■ Data to use
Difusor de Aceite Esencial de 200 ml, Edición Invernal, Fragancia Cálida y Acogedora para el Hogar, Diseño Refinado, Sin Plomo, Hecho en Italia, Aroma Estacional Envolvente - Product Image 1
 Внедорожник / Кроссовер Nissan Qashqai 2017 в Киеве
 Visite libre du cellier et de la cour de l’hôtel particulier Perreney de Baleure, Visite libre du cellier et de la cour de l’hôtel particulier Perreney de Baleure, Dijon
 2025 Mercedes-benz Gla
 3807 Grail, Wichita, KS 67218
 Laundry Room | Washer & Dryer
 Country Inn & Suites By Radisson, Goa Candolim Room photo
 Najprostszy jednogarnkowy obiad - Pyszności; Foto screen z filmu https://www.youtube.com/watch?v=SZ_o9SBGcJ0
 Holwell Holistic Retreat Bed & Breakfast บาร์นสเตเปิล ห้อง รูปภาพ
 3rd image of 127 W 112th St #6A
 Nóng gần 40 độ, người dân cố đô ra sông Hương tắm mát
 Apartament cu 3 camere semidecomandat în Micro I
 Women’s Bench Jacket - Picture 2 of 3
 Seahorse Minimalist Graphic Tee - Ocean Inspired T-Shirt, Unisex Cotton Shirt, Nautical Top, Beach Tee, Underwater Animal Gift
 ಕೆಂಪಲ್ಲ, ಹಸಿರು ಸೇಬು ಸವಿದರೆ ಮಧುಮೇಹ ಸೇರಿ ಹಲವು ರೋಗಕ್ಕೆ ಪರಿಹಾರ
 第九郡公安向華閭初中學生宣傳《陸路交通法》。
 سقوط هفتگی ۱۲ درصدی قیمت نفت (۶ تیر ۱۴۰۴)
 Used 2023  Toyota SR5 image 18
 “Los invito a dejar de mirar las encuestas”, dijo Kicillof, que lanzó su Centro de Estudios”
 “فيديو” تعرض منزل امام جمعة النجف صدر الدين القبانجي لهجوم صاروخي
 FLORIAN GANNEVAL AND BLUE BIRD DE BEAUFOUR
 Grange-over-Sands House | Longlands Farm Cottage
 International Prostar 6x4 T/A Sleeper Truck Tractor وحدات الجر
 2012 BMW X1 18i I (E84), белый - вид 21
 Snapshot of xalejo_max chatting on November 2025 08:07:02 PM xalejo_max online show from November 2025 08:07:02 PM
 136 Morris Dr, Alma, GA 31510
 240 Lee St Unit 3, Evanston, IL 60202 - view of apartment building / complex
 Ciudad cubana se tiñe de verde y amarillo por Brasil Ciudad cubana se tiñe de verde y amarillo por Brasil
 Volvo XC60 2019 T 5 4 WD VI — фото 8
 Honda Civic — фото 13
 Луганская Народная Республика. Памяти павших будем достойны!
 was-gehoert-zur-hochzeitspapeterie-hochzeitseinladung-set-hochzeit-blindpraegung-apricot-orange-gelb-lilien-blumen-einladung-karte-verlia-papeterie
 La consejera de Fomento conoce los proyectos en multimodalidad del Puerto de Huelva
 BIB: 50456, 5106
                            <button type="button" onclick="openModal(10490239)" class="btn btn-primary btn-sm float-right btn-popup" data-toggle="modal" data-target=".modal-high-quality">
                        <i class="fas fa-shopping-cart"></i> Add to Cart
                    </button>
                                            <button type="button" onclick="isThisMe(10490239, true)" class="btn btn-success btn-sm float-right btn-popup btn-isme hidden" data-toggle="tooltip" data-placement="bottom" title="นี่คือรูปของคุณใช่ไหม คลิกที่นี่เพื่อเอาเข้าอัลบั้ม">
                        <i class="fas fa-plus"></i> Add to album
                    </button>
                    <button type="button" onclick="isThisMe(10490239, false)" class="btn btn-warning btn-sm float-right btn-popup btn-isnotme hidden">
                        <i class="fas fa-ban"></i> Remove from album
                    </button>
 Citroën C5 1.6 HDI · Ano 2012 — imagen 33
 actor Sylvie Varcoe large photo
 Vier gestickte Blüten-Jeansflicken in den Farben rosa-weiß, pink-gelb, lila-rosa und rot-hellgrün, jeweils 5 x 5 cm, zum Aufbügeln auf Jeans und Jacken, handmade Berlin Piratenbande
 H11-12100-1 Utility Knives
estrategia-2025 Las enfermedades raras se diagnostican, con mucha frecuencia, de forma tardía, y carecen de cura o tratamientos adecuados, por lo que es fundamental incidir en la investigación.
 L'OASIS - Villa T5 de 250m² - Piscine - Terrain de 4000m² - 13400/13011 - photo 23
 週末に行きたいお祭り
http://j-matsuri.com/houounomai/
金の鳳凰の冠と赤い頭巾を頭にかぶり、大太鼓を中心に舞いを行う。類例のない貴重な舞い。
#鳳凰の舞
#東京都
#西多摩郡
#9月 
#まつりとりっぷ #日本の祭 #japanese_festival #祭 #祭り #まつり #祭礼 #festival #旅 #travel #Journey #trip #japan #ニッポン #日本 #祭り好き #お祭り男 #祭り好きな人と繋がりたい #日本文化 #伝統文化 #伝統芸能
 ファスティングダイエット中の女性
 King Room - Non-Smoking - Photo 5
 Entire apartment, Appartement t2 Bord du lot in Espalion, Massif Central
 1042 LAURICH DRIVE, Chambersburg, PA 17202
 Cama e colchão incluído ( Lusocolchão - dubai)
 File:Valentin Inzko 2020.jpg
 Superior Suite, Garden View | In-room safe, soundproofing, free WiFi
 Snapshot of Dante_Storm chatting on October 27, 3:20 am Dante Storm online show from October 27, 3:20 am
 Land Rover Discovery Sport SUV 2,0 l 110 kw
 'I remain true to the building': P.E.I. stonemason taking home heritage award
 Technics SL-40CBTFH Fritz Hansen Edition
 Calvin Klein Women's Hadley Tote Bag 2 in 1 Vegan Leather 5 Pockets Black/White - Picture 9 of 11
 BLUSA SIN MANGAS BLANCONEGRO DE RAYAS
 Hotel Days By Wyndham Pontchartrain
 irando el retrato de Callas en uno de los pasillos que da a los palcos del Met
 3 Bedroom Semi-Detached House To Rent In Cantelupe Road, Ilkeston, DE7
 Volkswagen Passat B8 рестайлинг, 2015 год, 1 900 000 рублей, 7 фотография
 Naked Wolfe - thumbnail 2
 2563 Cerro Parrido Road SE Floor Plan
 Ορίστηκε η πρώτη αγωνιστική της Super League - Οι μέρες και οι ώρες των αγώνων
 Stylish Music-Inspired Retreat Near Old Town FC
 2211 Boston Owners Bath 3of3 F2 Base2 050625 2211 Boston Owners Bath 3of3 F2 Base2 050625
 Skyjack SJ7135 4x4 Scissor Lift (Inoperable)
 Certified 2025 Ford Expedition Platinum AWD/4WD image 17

■ Problem
Reproduce only the lines above spanning from the line containing "Entire apartment, Appartement" through the line containing "Superior Suite, Garden", word for word.

■ Written answer
 Entire apartment, Appartement t2 Bord du lot in Espalion, Massif Central
 1042 LAURICH DRIVE, Chambersburg, PA 17202
 Cama e colchão incluído ( Lusocolchão - dubai)
 File:Valentin Inzko 2020.jpg
 Superior Suite, Garden View | In-room safe, soundproofing, free WiFi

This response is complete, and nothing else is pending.